The Threat To Robo-Cars: Lawyers

April 9th, 2013

stanford2_270x323Yesterday I spoke at the We Robot: Getting Down to Business Conference at the Stanford Law School. I had the good fortune to comment on a paper by Bryant Walker Smith titled Human Factors in Robotic Torts. My comments focused on the legal implications of how autonomous vehicles. It was a great conference with some of the leading minds in robotics, artificial intelligence, and policy.

My buddy Declan McCullagh did a write-up in CNET, quoting me in a few spots:

Self-driving cars are expected to save lives: a vehicle driven by a human will experience, on average, a crash every 160,000 miles or so. It’s only a matter of time, advocates say, before robots become better drivers than us.

That is, if the lawyers let them.
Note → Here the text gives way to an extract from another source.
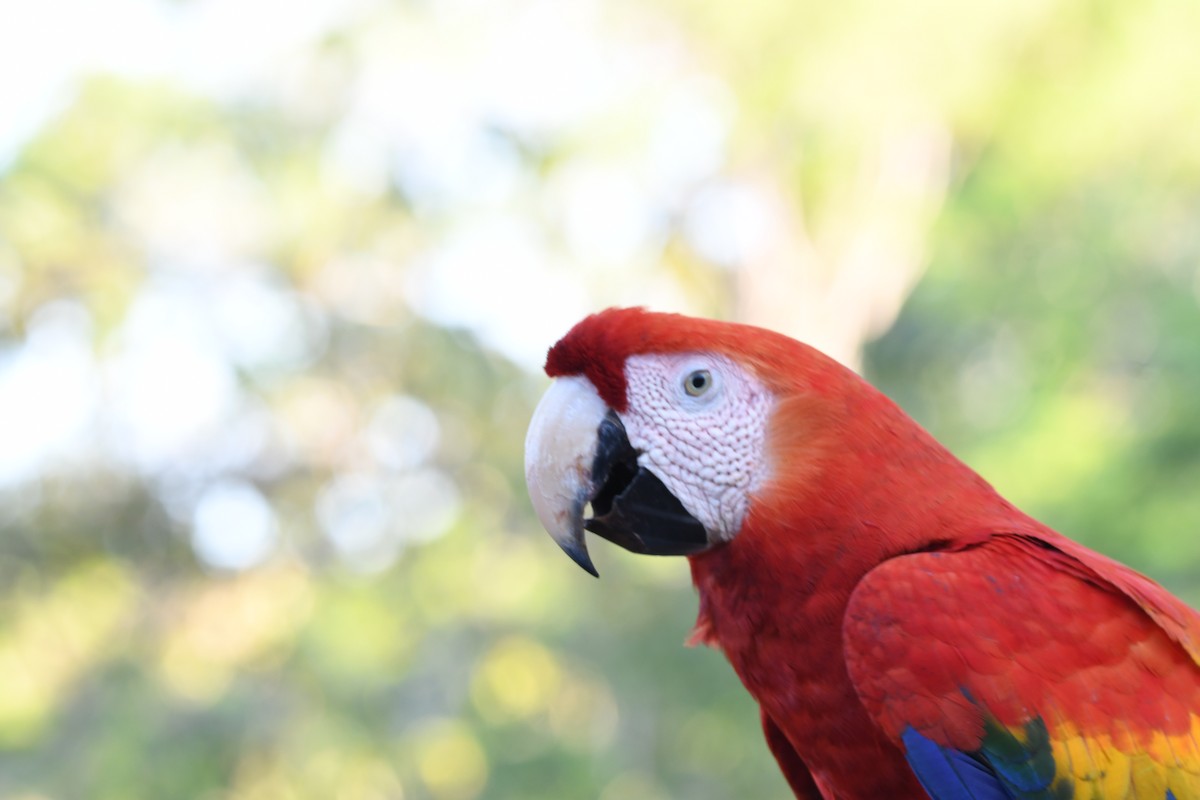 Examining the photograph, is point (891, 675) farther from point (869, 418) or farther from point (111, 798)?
point (111, 798)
Industry insiders are already fretting about a host of legal problems that could bedevil robot car makers once a sufficient number of their creations take to the roads. Product liability, tort law, negligence, foreseeable harm, patent encumbrance, and design defects are only some of the concerns.

“The longer it takes for this technology to reach the market, the more people die,” Josh Blackman, a law professor at the South Texas College of Law, said yesterday at a conferencehosted by Stanford University called “We Robot: Getting Down to Business.”
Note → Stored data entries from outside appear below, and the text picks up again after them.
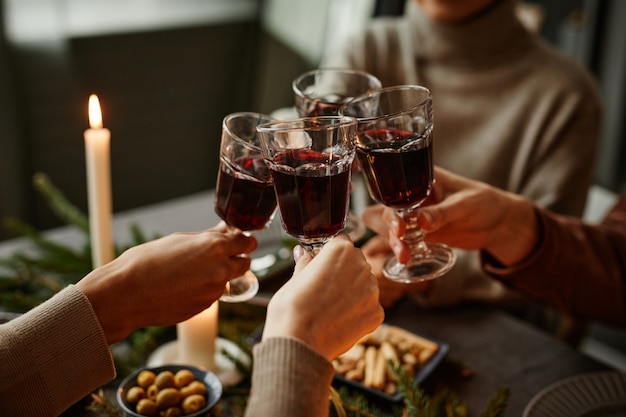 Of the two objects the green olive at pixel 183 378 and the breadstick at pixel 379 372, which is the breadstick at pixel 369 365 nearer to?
the breadstick at pixel 379 372

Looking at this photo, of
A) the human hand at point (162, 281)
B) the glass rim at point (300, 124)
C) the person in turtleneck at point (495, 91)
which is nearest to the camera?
the glass rim at point (300, 124)

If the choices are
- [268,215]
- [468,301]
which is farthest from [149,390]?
[468,301]

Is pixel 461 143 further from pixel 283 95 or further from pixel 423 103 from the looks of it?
pixel 283 95

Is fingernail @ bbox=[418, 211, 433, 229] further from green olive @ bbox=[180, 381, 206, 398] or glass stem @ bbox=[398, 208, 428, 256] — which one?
green olive @ bbox=[180, 381, 206, 398]

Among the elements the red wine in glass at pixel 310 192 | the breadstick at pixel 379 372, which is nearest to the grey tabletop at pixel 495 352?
the breadstick at pixel 379 372

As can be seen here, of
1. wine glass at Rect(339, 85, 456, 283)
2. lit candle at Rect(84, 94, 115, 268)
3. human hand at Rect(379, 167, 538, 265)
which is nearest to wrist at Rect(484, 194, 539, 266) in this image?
human hand at Rect(379, 167, 538, 265)

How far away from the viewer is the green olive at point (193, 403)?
989 mm

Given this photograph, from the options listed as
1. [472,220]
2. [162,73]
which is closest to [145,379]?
[472,220]

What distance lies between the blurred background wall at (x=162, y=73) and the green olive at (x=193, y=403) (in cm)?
212

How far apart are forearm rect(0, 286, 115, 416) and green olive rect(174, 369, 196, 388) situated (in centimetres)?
12

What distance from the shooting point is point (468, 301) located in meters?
1.50

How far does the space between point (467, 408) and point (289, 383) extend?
1.71ft

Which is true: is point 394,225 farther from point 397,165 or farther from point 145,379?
point 145,379

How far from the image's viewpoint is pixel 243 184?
0.97 meters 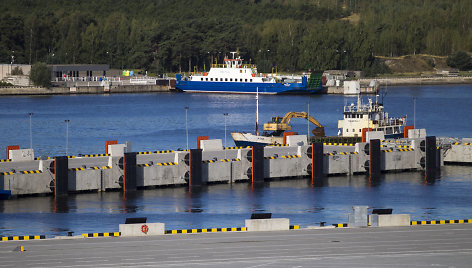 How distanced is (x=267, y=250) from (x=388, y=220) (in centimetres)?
759

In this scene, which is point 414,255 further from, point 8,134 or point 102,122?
point 102,122

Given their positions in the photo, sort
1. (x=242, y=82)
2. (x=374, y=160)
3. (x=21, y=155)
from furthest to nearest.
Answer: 1. (x=242, y=82)
2. (x=374, y=160)
3. (x=21, y=155)

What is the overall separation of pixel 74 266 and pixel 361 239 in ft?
38.3

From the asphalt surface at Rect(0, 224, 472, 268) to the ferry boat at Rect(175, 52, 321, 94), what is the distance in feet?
470

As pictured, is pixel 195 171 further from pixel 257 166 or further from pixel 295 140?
pixel 295 140

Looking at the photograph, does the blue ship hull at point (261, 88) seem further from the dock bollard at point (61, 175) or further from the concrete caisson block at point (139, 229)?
the concrete caisson block at point (139, 229)

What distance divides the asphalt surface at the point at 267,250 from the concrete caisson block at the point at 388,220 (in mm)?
735

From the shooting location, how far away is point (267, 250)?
37.9m

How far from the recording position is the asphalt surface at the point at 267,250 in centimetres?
3572

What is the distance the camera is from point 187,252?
1485 inches

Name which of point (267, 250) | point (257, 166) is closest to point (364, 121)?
point (257, 166)

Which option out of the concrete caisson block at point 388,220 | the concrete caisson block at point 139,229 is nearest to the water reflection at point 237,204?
the concrete caisson block at point 388,220

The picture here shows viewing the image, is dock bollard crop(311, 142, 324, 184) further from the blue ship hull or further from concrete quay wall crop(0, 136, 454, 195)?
the blue ship hull

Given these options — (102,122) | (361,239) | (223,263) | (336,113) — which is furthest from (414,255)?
(336,113)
Over 100 of the brightest thinkers about self-driving cars and other robotic machinery gathered here this week to debate legal snarls that could ensnare these machines. Papers presented included ones with titles “Human Factors in Robotic Torts,” “Risk Management in Commercializing Robots,” and “Application of Traditional Tort Theory to Embodied Machine Intelligence.”

Allowing self-driving cars to share the roads with self-driving teenagers will likely result, in some cases, with human-initiated attempts to see just how quickly a robot can apply the brakes or how it will respond to attempts to run it off the road. Or programming errors could cause an accident that results in human injury or death.

Once that happens, headlines about self-driving cars causing accidents will “set back the movement significantly,” Blackman says. That could result in a legal crackdown on a useful technology that will save far more lives than it takes.

(though, the line about people dying, I’m pretty sure, was in a slightly different context about what delays caused by regulatory hurdles to this technology may create , but close enough) All-in-all, an excellent conference.